As you might have seen in the Newsletter or on our Facebook page, ACIPP West Africa’s CV and cover letter writing trainings in Freetown have resumed a couple of weeks ago. We started the CV and Cover letter training programme in partnership with educational institutions to facilitate the integration of graduates into the job market. We found that the lack of skills and knowledge in crafting comprehensive, professional looking CV’s and Cover letters to be a major stepping stone for otherwise excellently qualified graduates. Simon Tsike-Sossah, ACIPP West Africa’s executive director, started these workshops in partnership with the Government Technical Institute in Kissy in November 2012. The workshops were met with a lot of interest, with over 250 Students attending the first workshop. The principals of the schools and Colleges we work with are acutely aware of their students’ lack of skills and knowledge in these areas, and they have all been very supportive of our idea and asked for more trainings after we trained the first group of students in their institution.

I usually start the trainings by introducing the idea of a CV or cover letter to the students, many of whom heard about them before, but never actually saw one. After stating the purpose, I draw the structure of a CV or a cover letter on the board and talk about the individual sections, to make sure that all the necessary information will be in the CV’s and cover letters. After this, the trainings usually get more lively, the students will have questions, and the presentation becomes more of a discussion. This is usually also the moment I start talking about the most delicate topic of the presentation – what personal information about yourself not to include. People in West Africa often mention their religion, marital status, their tribe and region – all things that one would not see in western-style CV’s. My main argument to not to include them is that including this information perpetuates longstanding problems like tribalism, religious factionalism and favouritism. At this point, there will usually be an interesting conversation between some of the students, the tecahers and me, because obviously, including this information can sometimes help you to get a job in Sierra Leone! And ultimately, what these young kids care about in a country with 70% youth unemplyoment is to get a job, which I can understand very well. So I usually try and strike a balance, and also tell them to mention these personal things rather in the cover letter than in the CV.
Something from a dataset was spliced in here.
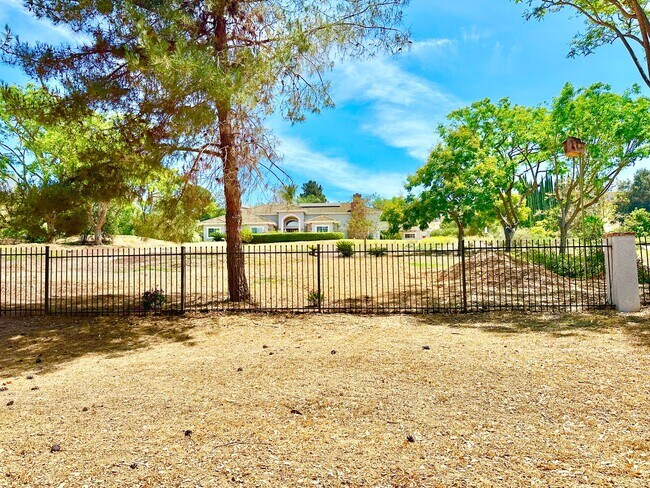 Building Photo - 4286 La Canada Rd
If possible, I try to have the cover letter training for one group 1-2 weeks after the CV training, so the students will have time to write up their CV’s and show them to me for feedback after the cover letter workshop. This is not only good for the students, but also for the trainers, since it gives us an idea of what has come through to the students and which issues need to be addressed more in depth in a next session. After a few weeks of experience in giving these trainings, I can say that the workshops are usually very well received both by students and the school staff, and that they address a real gap in knowledge in the general population. In the future, we plan on expanding these trainings from covering only application materials to more topics, like public speaking skills and other blocks for personal development that will help graduates’ entrance in the job market. Often, more than one teacher sits in on the training, and they and the students often come up to me afterward to thank me for the presentation. This, and seeing someone write a good CV after a training, is what makes these trainings personally very rewarding!